Dans ce contexte, dire, comme le font quelques experts, que les « Nord-Coréens se sentent menacés par la puissance militaire américaine à leur porte », c’est prendre les enfants du bon Dieu pour des canards sauvages. Si la Corée du Nord n’avait pas la bombe et ne se livrait pas à des douzaines de tirs de missiles, « l’empire américain » négativement décrit par nos analystes les plus fins serait indifférent à ce qui se passe au nord de la frontière séparant les deux Corée. Pourquoi ne pas rappeler, avant toute chose, que le régime nord-coréen est peuplé de voyous ivres d’une puissance militaire qu’ils risquent de ne plus contrôler?

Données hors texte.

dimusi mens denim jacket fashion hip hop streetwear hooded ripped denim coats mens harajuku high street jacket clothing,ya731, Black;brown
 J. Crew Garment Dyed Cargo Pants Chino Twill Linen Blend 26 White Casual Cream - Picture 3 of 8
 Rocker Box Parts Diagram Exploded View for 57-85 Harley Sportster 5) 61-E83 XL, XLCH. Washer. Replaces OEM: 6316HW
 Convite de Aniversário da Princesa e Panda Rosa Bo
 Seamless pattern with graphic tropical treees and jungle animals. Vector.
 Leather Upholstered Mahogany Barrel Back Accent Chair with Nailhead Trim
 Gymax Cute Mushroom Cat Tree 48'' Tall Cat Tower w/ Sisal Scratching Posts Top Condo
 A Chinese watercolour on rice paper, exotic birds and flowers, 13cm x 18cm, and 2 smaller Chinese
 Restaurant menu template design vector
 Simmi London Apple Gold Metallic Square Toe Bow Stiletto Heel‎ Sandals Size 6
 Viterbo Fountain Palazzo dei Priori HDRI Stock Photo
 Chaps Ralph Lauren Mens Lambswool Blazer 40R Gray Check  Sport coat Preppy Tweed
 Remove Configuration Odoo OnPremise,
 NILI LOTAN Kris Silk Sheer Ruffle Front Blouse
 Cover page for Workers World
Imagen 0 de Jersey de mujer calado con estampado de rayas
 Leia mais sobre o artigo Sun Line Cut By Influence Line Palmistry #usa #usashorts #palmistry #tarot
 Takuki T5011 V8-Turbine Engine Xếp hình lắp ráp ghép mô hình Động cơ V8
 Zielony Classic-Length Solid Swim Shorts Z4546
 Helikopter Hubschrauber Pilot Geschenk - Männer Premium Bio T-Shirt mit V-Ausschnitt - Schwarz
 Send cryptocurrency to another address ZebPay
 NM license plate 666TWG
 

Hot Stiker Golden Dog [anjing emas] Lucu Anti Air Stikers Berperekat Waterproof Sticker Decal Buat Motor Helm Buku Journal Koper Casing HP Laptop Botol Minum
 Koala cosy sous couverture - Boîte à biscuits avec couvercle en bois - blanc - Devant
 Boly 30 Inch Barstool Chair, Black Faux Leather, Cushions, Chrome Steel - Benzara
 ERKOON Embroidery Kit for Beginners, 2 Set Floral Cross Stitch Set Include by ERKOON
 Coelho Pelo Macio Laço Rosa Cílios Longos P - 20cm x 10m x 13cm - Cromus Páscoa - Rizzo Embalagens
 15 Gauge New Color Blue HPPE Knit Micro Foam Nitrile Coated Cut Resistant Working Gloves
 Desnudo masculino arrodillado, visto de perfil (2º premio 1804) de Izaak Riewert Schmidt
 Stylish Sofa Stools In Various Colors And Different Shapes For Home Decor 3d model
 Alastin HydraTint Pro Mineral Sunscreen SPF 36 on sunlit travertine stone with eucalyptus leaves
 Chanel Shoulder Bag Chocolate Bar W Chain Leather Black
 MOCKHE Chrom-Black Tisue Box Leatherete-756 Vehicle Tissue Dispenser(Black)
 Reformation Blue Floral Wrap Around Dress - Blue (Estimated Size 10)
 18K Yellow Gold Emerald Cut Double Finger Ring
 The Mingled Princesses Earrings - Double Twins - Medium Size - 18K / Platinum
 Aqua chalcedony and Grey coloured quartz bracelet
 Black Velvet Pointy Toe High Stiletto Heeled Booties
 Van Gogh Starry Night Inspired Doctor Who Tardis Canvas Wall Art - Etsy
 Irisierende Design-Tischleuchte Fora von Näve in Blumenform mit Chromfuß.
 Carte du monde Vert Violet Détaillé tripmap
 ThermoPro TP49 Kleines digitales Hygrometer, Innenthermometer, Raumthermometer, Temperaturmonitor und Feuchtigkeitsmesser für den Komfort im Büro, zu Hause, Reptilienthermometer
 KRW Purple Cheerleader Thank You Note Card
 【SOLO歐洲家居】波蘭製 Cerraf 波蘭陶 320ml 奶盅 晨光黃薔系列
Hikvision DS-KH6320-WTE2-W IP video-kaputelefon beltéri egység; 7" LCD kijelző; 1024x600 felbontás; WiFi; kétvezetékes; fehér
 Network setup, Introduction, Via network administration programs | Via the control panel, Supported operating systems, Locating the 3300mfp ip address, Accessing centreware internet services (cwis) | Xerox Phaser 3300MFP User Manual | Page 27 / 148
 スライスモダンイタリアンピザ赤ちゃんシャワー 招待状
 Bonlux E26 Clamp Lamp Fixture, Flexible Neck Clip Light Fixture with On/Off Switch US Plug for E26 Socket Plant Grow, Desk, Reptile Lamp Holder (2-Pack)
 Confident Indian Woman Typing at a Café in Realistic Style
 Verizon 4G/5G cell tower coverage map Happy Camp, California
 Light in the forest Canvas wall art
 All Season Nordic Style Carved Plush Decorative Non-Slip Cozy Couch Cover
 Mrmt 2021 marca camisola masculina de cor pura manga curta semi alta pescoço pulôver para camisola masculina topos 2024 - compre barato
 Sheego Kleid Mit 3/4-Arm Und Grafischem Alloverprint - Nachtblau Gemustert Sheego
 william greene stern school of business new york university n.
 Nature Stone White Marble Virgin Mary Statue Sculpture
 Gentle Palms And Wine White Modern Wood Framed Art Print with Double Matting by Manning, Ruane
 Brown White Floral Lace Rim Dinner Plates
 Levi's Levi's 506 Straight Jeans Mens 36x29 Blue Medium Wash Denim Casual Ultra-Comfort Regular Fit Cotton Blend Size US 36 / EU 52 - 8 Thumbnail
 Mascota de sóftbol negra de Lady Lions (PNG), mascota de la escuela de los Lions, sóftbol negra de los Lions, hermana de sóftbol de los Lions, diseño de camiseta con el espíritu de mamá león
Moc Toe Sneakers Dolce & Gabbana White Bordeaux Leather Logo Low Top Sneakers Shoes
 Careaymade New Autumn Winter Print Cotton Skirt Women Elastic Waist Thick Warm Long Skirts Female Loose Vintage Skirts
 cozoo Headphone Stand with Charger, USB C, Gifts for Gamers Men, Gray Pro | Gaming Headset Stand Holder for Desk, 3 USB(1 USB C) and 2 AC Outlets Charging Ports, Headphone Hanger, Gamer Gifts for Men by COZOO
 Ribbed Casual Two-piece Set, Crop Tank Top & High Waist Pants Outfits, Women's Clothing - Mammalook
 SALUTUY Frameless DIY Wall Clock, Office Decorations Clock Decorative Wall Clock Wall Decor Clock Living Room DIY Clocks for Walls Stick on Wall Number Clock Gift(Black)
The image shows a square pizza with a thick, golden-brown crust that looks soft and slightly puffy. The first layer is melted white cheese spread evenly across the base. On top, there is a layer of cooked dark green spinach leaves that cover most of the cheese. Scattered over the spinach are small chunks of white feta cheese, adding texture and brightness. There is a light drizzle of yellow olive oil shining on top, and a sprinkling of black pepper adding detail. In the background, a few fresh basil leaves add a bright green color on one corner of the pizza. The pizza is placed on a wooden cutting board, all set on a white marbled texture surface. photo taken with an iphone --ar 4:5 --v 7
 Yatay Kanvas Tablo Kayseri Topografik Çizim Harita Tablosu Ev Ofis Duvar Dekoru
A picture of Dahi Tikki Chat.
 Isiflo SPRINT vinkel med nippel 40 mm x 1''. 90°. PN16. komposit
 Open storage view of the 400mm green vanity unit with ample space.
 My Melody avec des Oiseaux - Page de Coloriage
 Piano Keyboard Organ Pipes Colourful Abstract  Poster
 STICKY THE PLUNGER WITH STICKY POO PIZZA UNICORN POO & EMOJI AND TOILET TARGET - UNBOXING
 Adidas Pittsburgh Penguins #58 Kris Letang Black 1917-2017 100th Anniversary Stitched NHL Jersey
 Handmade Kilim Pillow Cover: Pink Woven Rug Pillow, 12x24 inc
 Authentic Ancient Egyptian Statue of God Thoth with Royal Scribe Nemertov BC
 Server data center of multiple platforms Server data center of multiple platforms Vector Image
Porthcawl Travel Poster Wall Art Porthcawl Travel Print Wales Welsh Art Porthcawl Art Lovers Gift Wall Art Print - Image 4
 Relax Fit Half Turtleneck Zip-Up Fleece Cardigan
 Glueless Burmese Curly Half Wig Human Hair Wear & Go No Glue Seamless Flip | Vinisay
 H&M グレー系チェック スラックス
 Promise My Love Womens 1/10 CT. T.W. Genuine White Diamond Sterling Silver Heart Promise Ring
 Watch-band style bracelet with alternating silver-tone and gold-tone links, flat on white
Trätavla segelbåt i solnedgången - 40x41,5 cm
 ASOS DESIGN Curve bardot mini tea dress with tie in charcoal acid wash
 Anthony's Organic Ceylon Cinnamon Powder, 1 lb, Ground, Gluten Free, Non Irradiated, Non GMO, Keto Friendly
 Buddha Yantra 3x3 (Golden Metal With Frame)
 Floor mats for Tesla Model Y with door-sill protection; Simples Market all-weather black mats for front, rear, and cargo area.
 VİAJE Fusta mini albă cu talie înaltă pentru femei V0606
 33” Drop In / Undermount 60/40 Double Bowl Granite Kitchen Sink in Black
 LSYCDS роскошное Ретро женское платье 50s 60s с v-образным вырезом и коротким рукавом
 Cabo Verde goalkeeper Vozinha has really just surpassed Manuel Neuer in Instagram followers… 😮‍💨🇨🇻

Pourquoi ne pas dénoncer l’apathie chinoise dans cette affaire, alors que l’intérêt de Pékin n’est pas de contribuer au déclenchement d’une guerre et à la ruine mondiale qui en résulterait ? Pourquoi ne pas voir ce qui crève les yeux, à savoir qu’un totalitarisme effréné aboutit à ce genre de situation et que le dictateur de Pyong Yang joue mieux le rôle du Dr Folamour que l’exotique président américain ? Pourquoi réduire une crise internationale particulièrement alarmante à la question lancinante de la présence de M. Trump au pouvoir ? Pourquoi, enfin, ne pas reconnaître que les Coréens du nord méritent mieux que le pantin qui les dirige ?
La Chine et la Russie, dont les régimes ne sont pas des démocraties bienveillantes, feraient mieux de limiter les dégâts en contraignant Kim à baisser d’un ton. Un conflit militaire, même limité, entre Washington et Pyong Yang, aurait des effets désastreux pour eux-mêmes, mais aussi pour les Chinois et les Russes. Donald Trump, c’est entendu, n’est pas le président américain que le monde espérait. Mais le problème, ce n’est pas Trump. C’est l’homme de Pyong Yang qui a acquis une force infernale qu’il est incapable de maîtriser.